Message ID 20220301135526.136554-5-mlevitsk@redhat.com (mailing list archive)
State New, archived
Headers show
Series SVM fixes + apic fix | expand

Commit Message

Maxim Levitsky March 1, 2022, 1:55 p.m. UTC
Fix a loop hole in setting the apic state that didn't check if
apic id == vcpu_id when x2apic is enabled but userspace is using
a older variant of the ioctl which didn't had 32 bit apic ids.

Signed-off-by: Maxim Levitsky <mlevitsk@redhat.com>
---
 arch/x86/kvm/lapic.c | 17 ++++++++---------
 1 file changed, 8 insertions(+), 9 deletions(-)

Comments

Sean Christopherson March 1, 2022, 4:56 p.m.

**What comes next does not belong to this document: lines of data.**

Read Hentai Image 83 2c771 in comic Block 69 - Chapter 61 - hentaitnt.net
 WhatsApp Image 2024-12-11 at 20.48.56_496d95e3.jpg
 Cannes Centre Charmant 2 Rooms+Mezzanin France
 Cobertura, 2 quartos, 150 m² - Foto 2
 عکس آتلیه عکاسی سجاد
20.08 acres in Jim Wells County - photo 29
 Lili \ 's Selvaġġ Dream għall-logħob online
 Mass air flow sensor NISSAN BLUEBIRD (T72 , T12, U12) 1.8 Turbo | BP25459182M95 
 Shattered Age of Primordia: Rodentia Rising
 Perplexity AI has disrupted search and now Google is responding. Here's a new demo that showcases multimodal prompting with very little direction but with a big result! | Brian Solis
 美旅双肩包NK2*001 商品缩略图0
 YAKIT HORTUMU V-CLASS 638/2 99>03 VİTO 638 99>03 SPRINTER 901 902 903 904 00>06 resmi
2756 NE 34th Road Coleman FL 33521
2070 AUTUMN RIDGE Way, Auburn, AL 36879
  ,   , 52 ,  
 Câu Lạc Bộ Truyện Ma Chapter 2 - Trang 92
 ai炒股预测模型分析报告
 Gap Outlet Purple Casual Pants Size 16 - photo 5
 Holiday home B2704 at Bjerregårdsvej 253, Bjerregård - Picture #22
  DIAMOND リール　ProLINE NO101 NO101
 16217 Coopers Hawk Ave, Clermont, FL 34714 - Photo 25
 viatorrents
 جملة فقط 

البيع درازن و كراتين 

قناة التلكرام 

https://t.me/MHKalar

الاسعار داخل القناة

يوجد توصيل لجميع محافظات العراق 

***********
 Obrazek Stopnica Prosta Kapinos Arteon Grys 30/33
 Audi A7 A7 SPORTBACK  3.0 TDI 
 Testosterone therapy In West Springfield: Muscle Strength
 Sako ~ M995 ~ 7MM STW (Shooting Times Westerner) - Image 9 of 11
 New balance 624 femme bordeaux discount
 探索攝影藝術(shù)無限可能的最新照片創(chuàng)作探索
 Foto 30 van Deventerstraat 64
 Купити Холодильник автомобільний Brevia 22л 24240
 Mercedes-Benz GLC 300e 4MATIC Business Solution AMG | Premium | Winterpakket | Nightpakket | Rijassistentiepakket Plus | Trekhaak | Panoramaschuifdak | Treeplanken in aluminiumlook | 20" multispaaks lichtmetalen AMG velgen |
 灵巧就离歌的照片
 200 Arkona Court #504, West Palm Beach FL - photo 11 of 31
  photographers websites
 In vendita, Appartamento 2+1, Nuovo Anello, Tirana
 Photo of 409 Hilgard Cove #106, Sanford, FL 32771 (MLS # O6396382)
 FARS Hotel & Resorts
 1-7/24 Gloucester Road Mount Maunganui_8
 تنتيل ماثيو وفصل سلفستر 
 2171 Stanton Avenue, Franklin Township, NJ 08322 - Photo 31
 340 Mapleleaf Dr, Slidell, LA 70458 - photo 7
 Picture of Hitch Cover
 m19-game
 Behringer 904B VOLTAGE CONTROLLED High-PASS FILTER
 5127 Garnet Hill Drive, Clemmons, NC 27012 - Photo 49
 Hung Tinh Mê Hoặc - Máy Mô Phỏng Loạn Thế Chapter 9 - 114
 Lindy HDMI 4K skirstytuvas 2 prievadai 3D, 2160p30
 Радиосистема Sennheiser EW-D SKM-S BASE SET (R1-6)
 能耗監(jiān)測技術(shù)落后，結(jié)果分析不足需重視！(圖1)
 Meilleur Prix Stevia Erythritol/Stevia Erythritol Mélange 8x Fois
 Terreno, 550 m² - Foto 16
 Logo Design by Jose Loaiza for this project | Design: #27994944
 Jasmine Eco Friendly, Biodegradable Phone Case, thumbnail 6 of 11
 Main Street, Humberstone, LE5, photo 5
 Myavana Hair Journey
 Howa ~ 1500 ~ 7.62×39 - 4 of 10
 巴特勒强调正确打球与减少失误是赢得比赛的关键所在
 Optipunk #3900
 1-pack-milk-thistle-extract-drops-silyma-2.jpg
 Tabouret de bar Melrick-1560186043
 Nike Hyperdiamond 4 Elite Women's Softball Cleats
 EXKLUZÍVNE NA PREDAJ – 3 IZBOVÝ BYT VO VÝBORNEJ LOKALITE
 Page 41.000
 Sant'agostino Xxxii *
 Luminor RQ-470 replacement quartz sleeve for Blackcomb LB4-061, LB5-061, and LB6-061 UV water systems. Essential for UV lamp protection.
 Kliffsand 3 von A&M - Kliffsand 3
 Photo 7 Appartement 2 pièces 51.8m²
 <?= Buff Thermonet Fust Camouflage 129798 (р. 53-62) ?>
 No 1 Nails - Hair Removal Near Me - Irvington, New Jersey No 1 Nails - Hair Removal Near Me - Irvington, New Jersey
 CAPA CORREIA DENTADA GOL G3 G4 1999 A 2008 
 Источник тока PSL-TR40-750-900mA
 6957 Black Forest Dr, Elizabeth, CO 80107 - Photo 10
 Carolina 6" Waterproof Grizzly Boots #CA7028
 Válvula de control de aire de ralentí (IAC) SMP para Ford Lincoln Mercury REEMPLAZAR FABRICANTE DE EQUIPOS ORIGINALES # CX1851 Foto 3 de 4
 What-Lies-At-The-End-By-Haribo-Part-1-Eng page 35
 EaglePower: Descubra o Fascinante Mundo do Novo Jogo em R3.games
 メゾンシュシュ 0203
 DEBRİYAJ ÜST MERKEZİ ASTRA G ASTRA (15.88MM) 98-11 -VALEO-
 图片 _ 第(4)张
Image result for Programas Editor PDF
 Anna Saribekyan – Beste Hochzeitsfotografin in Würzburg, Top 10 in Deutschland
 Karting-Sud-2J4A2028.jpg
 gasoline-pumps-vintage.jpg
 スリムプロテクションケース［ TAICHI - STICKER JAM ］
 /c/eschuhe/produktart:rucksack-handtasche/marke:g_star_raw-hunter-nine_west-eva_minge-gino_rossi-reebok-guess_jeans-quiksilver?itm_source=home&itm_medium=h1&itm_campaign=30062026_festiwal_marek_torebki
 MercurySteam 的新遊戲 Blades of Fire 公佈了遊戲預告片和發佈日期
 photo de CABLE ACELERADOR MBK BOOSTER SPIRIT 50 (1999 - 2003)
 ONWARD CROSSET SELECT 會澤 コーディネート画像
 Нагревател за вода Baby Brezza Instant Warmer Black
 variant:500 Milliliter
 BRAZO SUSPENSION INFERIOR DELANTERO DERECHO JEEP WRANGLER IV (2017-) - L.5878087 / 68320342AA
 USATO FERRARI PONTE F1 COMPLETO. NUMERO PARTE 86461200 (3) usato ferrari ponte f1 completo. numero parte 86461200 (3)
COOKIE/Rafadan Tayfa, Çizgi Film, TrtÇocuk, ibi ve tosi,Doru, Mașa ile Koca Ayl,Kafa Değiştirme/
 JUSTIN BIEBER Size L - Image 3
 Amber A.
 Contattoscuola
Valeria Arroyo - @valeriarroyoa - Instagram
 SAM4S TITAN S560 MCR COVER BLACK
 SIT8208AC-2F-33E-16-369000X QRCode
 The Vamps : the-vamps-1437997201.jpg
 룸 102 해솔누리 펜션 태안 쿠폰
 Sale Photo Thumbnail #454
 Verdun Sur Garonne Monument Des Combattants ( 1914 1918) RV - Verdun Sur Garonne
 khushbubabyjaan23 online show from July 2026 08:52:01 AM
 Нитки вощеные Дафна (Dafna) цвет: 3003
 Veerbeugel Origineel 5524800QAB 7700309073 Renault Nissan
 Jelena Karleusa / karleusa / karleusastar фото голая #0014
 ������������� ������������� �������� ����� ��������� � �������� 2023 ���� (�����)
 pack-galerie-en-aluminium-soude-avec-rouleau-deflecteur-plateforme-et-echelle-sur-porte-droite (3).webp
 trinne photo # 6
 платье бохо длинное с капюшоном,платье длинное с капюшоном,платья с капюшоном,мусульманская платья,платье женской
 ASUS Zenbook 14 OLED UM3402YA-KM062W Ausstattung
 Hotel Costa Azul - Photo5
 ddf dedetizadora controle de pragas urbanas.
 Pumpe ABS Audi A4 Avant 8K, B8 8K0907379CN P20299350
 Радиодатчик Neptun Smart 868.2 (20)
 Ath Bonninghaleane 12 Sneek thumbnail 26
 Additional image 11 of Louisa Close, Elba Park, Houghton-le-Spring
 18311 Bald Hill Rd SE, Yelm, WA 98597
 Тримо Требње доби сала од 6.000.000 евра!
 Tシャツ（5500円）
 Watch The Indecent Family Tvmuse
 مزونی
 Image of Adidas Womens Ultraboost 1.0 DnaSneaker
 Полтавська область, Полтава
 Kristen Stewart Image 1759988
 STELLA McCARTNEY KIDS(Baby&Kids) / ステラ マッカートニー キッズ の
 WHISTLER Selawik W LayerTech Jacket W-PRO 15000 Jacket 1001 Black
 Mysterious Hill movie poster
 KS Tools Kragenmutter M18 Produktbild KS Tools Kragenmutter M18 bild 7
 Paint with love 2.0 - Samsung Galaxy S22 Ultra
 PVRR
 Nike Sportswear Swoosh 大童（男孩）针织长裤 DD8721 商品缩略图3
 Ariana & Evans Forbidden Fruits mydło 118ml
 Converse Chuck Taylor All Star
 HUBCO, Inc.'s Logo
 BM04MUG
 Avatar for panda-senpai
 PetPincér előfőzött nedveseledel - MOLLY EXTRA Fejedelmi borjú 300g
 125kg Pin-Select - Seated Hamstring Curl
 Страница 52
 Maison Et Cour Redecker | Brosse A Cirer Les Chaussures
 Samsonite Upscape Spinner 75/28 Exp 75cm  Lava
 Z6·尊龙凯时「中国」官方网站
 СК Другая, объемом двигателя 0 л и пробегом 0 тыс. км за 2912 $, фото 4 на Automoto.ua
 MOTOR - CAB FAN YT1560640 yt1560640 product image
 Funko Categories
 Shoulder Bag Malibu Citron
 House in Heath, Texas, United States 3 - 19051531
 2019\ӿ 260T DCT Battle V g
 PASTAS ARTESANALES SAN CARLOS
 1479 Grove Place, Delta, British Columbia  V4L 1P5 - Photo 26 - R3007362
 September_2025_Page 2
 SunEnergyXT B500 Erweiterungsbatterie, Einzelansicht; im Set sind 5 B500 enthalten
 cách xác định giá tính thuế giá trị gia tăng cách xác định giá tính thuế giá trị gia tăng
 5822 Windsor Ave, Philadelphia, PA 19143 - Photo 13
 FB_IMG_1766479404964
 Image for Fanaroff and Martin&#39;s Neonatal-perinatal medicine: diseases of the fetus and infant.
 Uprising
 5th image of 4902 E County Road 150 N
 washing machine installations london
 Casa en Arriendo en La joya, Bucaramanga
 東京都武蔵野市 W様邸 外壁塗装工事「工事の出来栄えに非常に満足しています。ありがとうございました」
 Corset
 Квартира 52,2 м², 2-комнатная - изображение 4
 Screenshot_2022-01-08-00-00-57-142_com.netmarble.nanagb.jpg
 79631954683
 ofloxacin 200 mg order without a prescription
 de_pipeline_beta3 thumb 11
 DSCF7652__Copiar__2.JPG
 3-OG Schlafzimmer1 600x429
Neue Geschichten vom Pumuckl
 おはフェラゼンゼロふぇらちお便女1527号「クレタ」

UTC | #1
Please, please post standalone patches/fixes as standalone patches/fixes.  And in
general, keep series to one topic.  There is very real value in following the
established and documented process, e.g. avoids creating artificial dependencies
where a changes works only because of an "unrelated" patch earlier in the series.
And for us reviewers, it helps tremendously as it means I can scan just the cover
letter for a series to prioritize review accordingly.  Bundling things together
means I have to scan through every patch to triage the series..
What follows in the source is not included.